WHAT NEEDS TO BE DONE — A word-for-word copy of the data is what's wanted, with no pictures.

◆ ◆ ◆ ◆

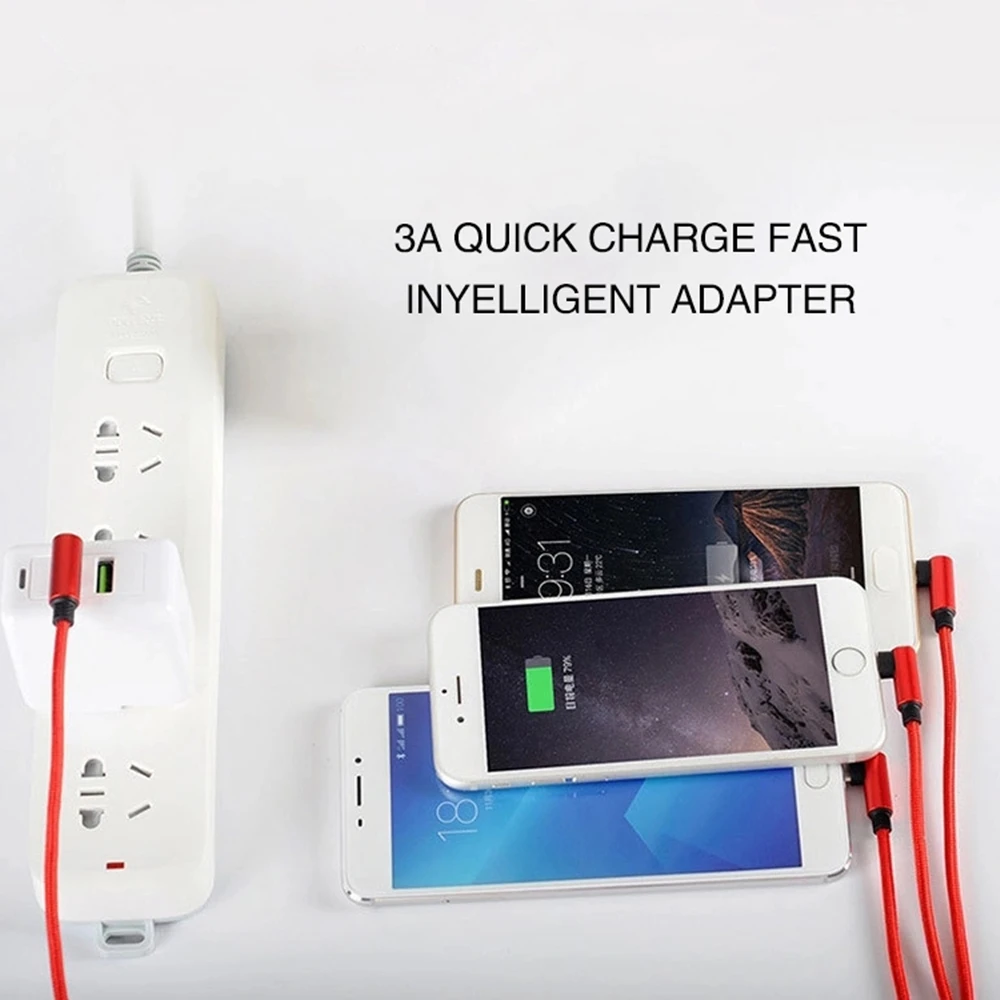 Wholesale 2.4A Fast Charger L Shape Type C Phone Charging 3 in 1 Micro USB Cable for iPhone Huawei Samsung - ANKUX.COM
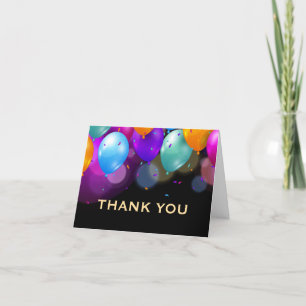 Farbenfrohe Balloons Black and Gold Confetti Dankeskarte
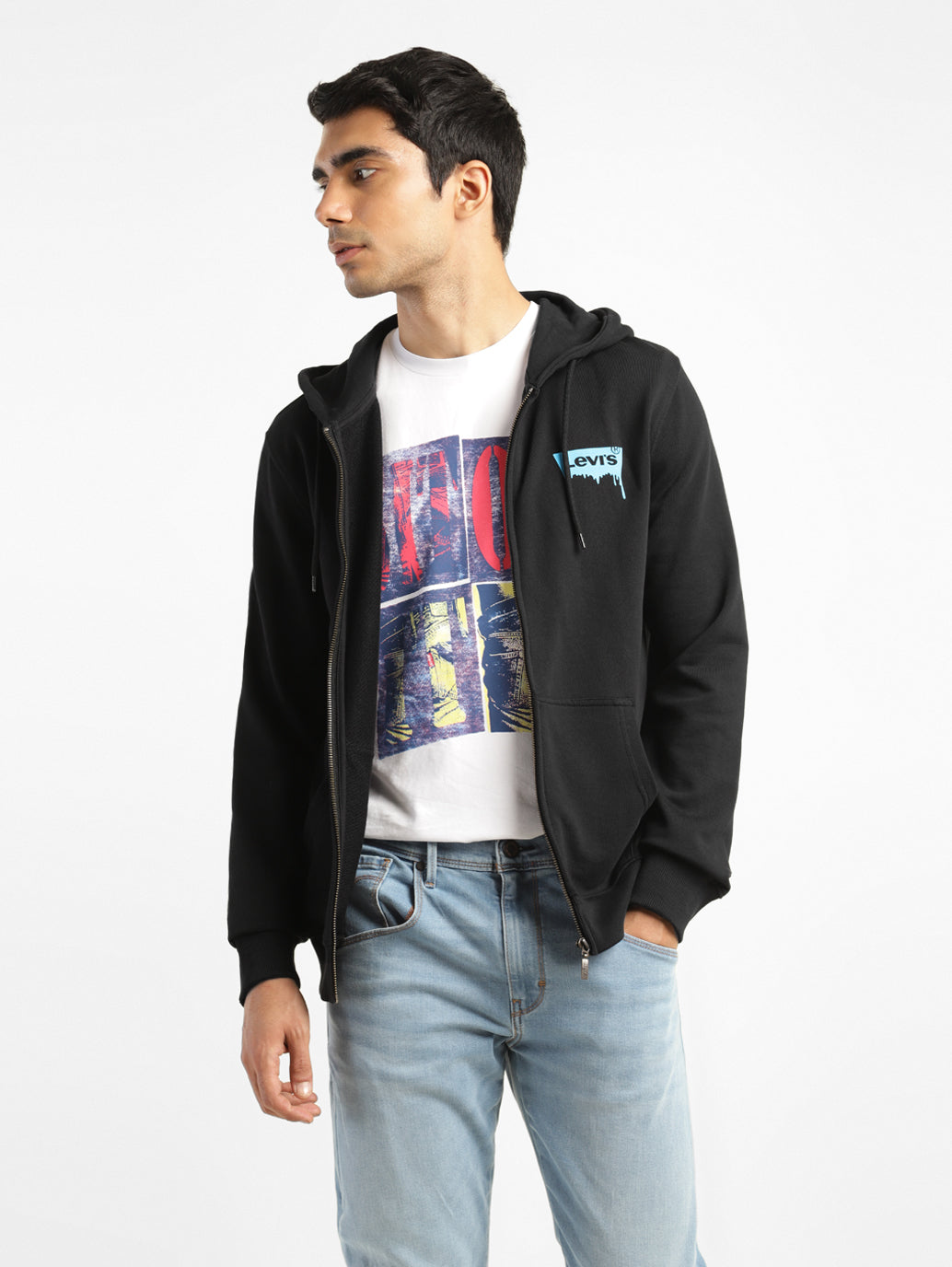 Men's Solid Black Hooded Sweatshirt - d97b8fe4-da6f-4497-a33f-6a7e8a6ae79d View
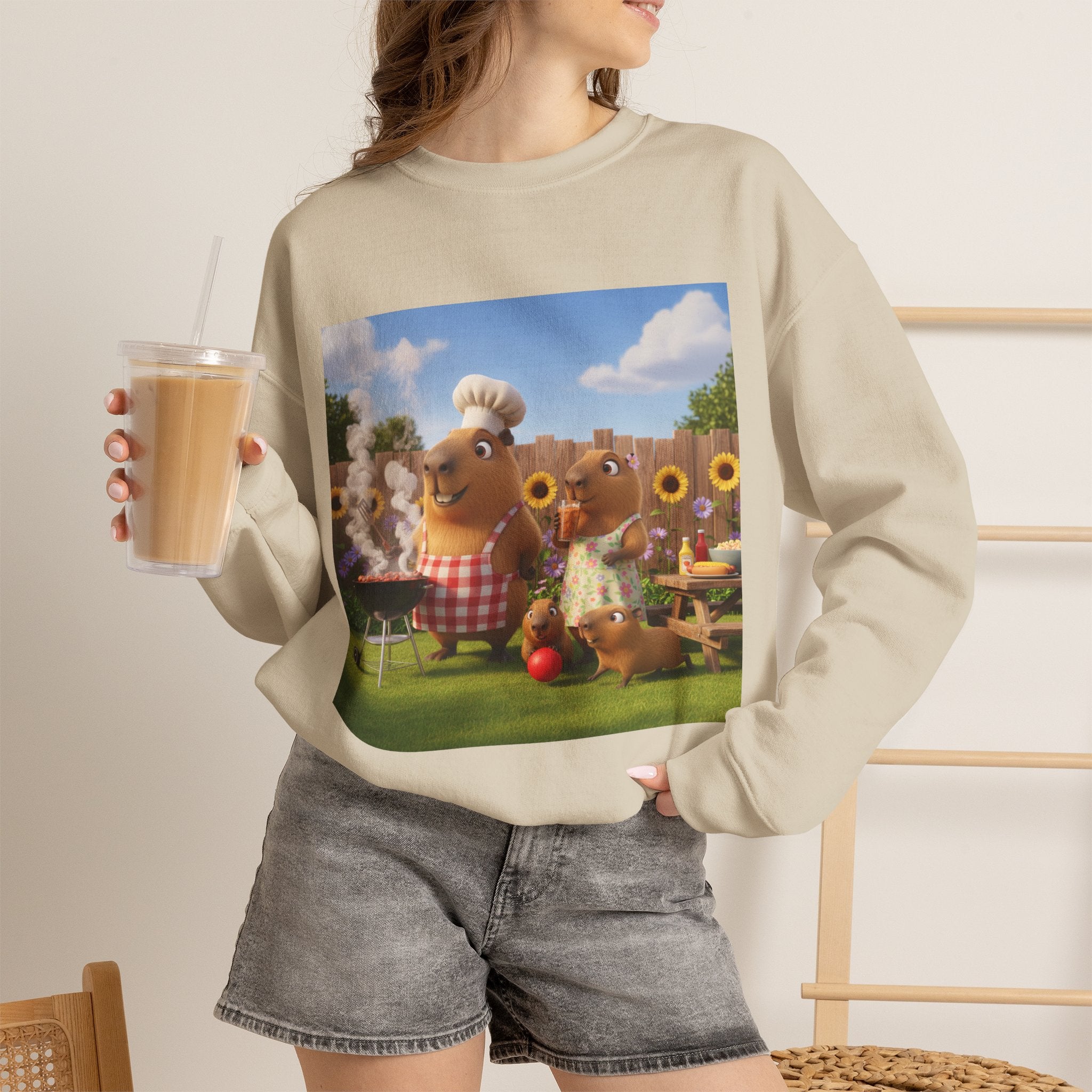 Capybara BBQ Crewneck Sweatshirt — Whimsical Capybara Family Illustration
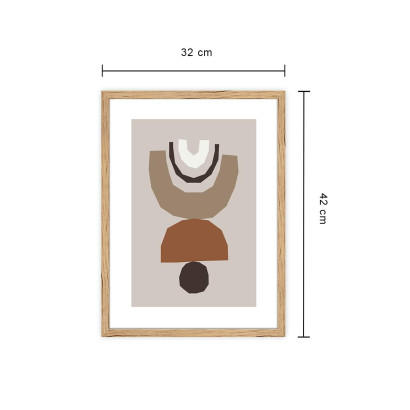 Obraz beżowy abstrakcja 32x42 cm : Rozmiar - 32x42 cm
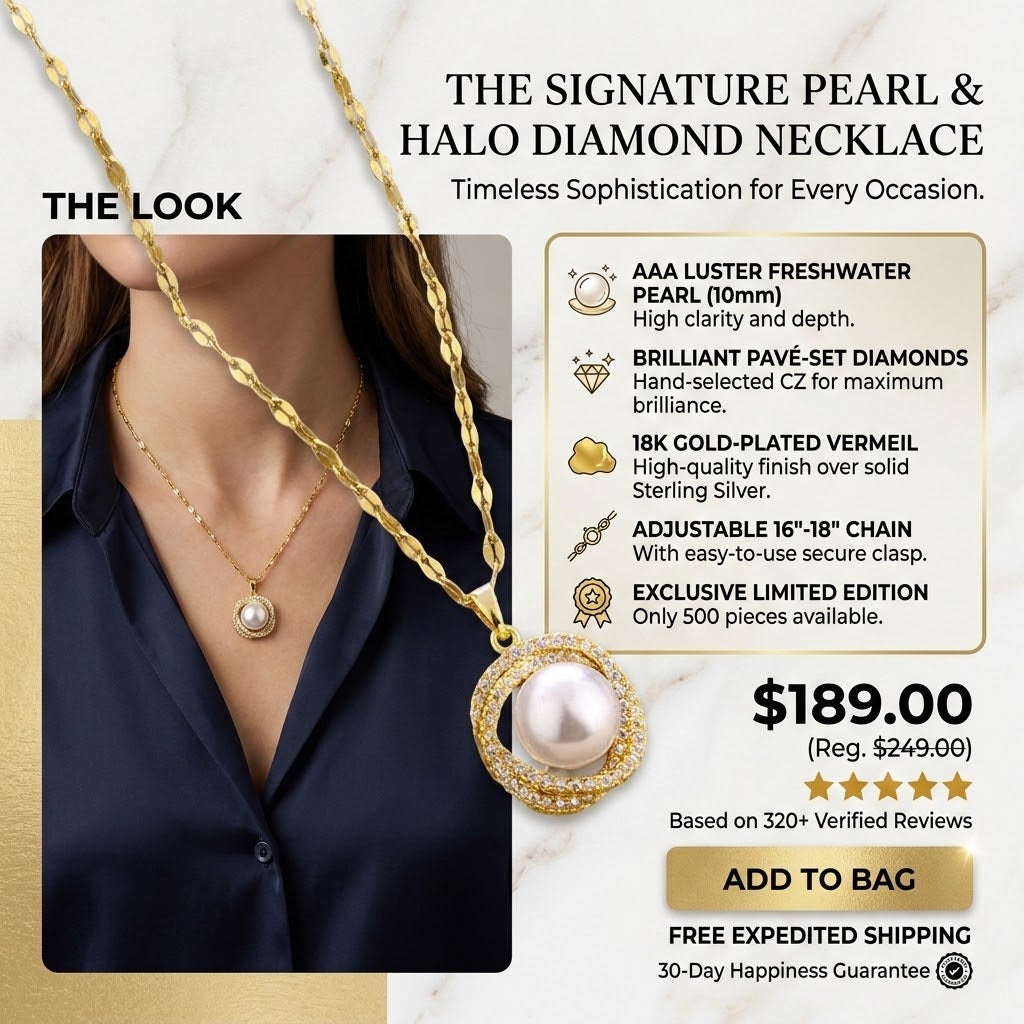 Gold chain pearl halo pendant necklace with round white pearl at center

◆ ◆ ◆ ◆

EXERCISE OUTPUT —
 Wholesale 2.4A Fast Charger L Shape Type C Phone Charging 3 in 1 Micro USB Cable for iPhone Huawei Samsung - ANKUX.COM
 Farbenfrohe Balloons Black and Gold Confetti Dankeskarte
 Men's Solid Black Hooded Sweatshirt - d97b8fe4-da6f-4497-a33f-6a7e8a6ae79d View
 Capybara BBQ Crewneck Sweatshirt — Whimsical Capybara Family Illustration
 Obraz beżowy abstrakcja 32x42 cm : Rozmiar - 32x42 cm
 Gold chain pearl halo pendant necklace with round white pearl at center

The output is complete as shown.